▶ [TASK PROMPT] Your reply should be the entries, output word for word, with each picture omitted.

▶ [RECORD SET]
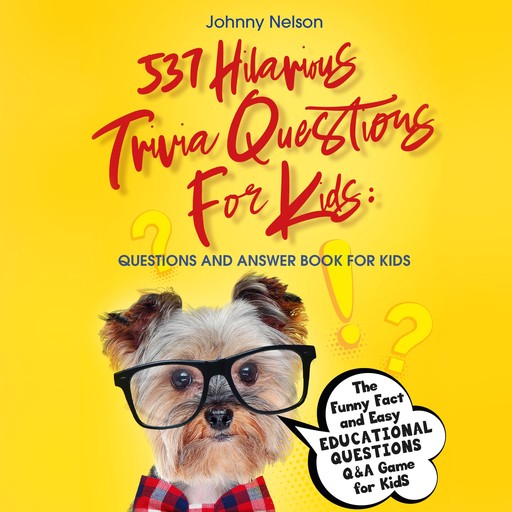 537 Hilarious Trivia Questions for Kids: Questions and Answer Book for kids, Johnny Nelson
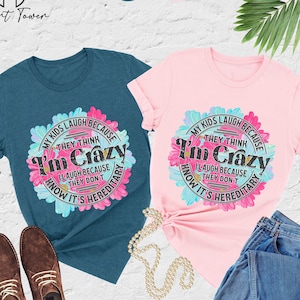 My Kids Laugh Because They Think I'm Crazy Shirt, Funny Mom Shirt, Crazy Mom Shirt, Mom Life Shirt, Sarcastic Mom Tee, Mothers Day Gift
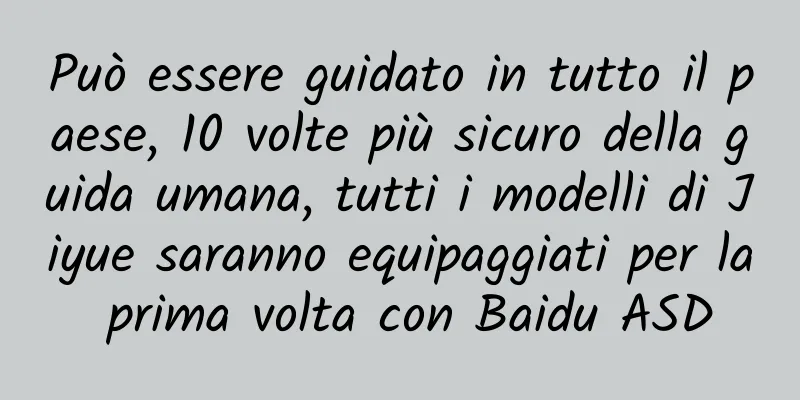 Può essere guidato in tutto il paese, 10 volte più sicuro della guida umana, tutti i modelli di Jiyue saranno equipaggiati per la prima volta con Baidu ASD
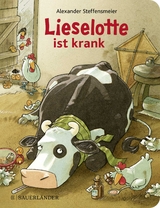 Lieselotte ist krank - Alexander Steffensmeier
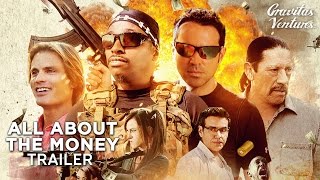 All About The Money Trailer  Casper Van Dien Danny Trejo Comedy Crime Movie HD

▶ [RESPONSE BOX]
 537 Hilarious Trivia Questions for Kids: Questions and Answer Book for kids, Johnny Nelson
 My Kids Laugh Because They Think I'm Crazy Shirt, Funny Mom Shirt, Crazy Mom Shirt, Mom Life Shirt, Sarcastic Mom Tee, Mothers Day Gift
 Può essere guidato in tutto il paese, 10 volte più sicuro della guida umana, tutti i modelli di Jiyue saranno equipaggiati per la prima volta con Baidu ASD
 Lieselotte ist krank - Alexander Steffensmeier
 All About The Money Trailer  Casper Van Dien Danny Trejo Comedy Crime Movie HD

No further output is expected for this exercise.